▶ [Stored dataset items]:
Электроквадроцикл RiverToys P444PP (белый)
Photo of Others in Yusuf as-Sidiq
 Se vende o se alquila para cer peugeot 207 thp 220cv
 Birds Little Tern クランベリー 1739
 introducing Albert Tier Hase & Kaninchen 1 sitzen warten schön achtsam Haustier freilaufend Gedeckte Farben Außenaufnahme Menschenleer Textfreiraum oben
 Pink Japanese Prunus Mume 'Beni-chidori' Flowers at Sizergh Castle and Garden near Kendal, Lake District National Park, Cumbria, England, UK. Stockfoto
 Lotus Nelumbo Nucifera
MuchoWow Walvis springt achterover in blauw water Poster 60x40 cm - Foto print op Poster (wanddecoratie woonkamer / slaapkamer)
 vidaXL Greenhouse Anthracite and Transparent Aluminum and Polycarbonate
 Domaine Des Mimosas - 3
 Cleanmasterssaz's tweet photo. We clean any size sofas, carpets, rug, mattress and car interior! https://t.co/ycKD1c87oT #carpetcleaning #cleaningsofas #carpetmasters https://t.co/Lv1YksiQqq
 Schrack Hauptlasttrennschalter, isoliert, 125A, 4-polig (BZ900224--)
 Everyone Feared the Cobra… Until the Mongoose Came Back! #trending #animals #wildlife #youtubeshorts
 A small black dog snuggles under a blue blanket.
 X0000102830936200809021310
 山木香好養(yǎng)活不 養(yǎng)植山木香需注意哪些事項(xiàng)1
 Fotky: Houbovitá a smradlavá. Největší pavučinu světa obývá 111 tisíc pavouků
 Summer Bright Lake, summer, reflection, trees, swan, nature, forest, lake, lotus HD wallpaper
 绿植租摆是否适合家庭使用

▶ [WHAT IS BEING ASKED]: Count how many lines in the records hold the string "Lake"; reply with the number alone.

▶ [ANSWER TO THIS EXERCISE]: 2